Reading the newspaper
Walking the thin lipped ledge of a desert mesa with Jack.
Original photo of Jack, by B. Littleton
When I walk Jack out at Hondo Wash we no longer walk the path at the edge of the world for distance. We go so Jack can read his newspaper. Jack, is sixteen years old; he’s a border collie and coyote mix, bred for the genetic encoding of protecting a herd while innately, intuitively predicting predator behavior. He is my best friend and constant companion, and his needs are important to me. When he joined me fifteen years ago, covering three miles a day was easy for both of us. Now, distance is not the metrics. Time inspecting clumps of plants and blades of grass, of perusing and decoding each whiff, order and trace of any species having passed this way leaving their scent, their story, their deposit of life, fills the thirty or forty minutes of our daily ceremony out on the thin lip of desert mesa ridge. While Jack reads his paper, I read the sky, this color of the hills, the shadows stretched across the valley floor. My own internal newspaper unfolds as I imagine each section of the day clearly, pace by pace, moving through a sequence of time, sessions, ports of chores in town. What am I hungry for? What is important today? What wants my attention? What words want to land on the page?
Jack gathers his information to know what happened during the past twenty-four hours lapse since he last walked the boundaries of his life. I, instead, receive indicators of possible options, choices, innuendos of responsibilities and lingering desires of how to dress my day. When we are back in the car, we share a sense of completion, if not satisfaction. There’s an understanding of combined achievement and union.
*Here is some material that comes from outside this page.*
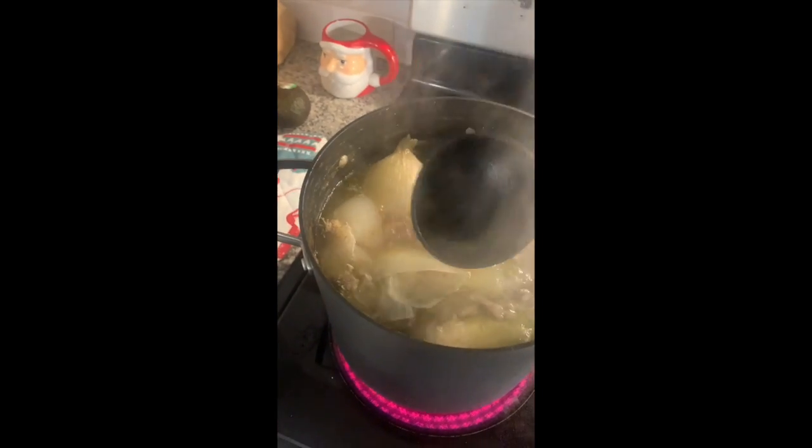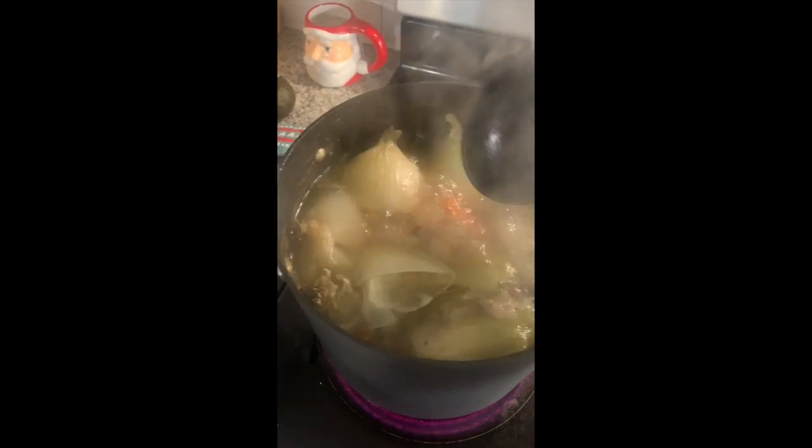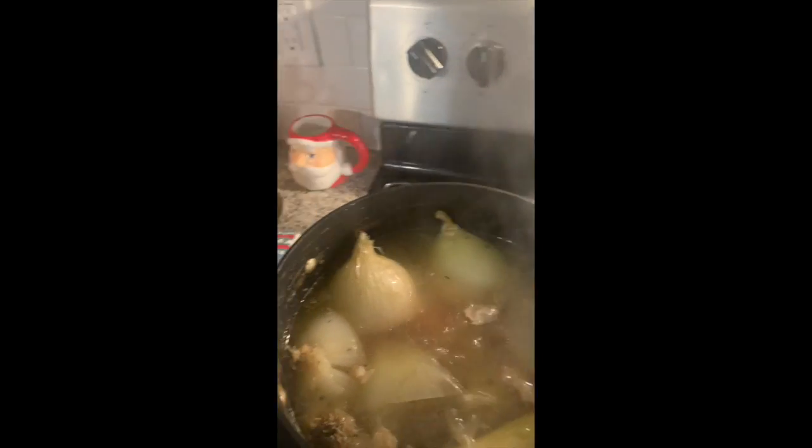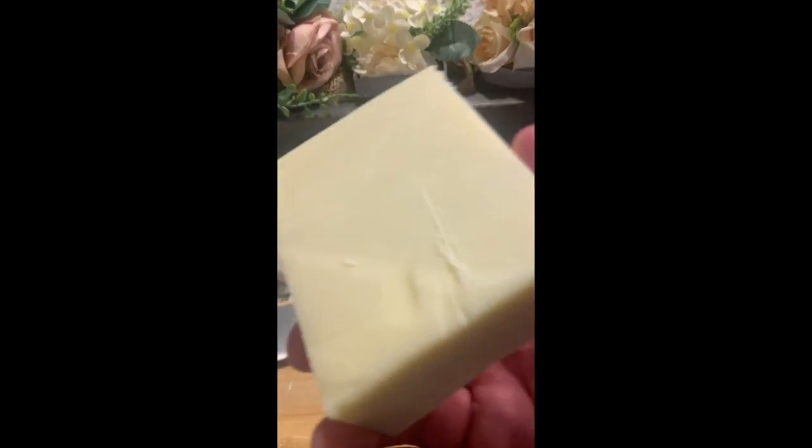That stock is simmering and reducing nicely — it's nearly full right now. We're going to let that keep going for a couple more hours, but in the meantime I've got some other things to do. I have some aged Gruyere that's going to be great for the soup later.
We are ready, regardless. The silence we share driving home punctuates the rightness of it all.
The thin lipped ledge of life is precarious, precious, brief, yet enduring. I know our time together is limited, as it is with all whom I love. The graciousness of moments echo a pattern of clarity, connection, and creative joy. May the energy of today instill a sense of purpose and direction, if even as a whiff, a scent, a trace of story lingering in this breath of time.